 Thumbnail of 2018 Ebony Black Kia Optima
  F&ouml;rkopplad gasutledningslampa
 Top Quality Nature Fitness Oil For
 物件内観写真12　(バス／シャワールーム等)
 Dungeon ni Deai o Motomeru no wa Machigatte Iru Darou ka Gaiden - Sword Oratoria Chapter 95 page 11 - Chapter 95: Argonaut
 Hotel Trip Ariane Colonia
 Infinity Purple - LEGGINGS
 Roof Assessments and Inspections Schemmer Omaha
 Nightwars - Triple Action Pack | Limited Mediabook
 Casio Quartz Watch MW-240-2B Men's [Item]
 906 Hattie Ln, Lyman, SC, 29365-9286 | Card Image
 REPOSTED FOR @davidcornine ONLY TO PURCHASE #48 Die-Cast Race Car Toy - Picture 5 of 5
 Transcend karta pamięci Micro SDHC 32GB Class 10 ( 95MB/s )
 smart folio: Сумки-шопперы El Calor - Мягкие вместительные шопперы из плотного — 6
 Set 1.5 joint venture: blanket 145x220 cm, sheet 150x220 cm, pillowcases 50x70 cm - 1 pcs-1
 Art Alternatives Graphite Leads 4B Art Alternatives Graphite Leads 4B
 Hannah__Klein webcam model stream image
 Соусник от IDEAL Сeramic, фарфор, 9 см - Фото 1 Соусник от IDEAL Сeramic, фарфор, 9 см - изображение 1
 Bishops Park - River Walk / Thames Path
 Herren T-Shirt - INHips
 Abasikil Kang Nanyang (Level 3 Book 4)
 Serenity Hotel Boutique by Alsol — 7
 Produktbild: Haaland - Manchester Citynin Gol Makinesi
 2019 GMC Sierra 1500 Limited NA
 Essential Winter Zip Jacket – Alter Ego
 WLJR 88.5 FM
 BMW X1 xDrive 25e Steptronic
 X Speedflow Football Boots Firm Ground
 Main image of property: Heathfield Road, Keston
* * * * * * *
AIM OF THE TASK
The answer must be all of the entries, restated exactly.

TASK OUTPUT
 Thumbnail of 2018 Ebony Black Kia Optima
  F&ouml;rkopplad gasutledningslampa
 Top Quality Nature Fitness Oil For
 物件内観写真12　(バス／シャワールーム等)
 Dungeon ni Deai o Motomeru no wa Machigatte Iru Darou ka Gaiden - Sword Oratoria Chapter 95 page 11 - Chapter 95: Argonaut
 Hotel Trip Ariane Colonia
 Infinity Purple - LEGGINGS
 Roof Assessments and Inspections Schemmer Omaha
 Nightwars - Triple Action Pack | Limited Mediabook
 Casio Quartz Watch MW-240-2B Men's [Item]
 906 Hattie Ln, Lyman, SC, 29365-9286 | Card Image
 REPOSTED FOR @davidcornine ONLY TO PURCHASE #48 Die-Cast Race Car Toy - Picture 5 of 5
 Transcend karta pamięci Micro SDHC 32GB Class 10 ( 95MB/s )
 smart folio: Сумки-шопперы El Calor - Мягкие вместительные шопперы из плотного — 6
 Set 1.5 joint venture: blanket 145x220 cm, sheet 150x220 cm, pillowcases 50x70 cm - 1 pcs-1
 Art Alternatives Graphite Leads 4B Art Alternatives Graphite Leads 4B
 Hannah__Klein webcam model stream image
 Соусник от IDEAL Сeramic, фарфор, 9 см - Фото 1 Соусник от IDEAL Сeramic, фарфор, 9 см - изображение 1
 Bishops Park - River Walk / Thames Path
 Herren T-Shirt - INHips
 Abasikil Kang Nanyang (Level 3 Book 4)
 Serenity Hotel Boutique by Alsol — 7
 Produktbild: Haaland - Manchester Citynin Gol Makinesi
 2019 GMC Sierra 1500 Limited NA
 Essential Winter Zip Jacket – Alter Ego
 WLJR 88.5 FM
 BMW X1 xDrive 25e Steptronic
 X Speedflow Football Boots Firm Ground
 Main image of property: Heathfield Road, Keston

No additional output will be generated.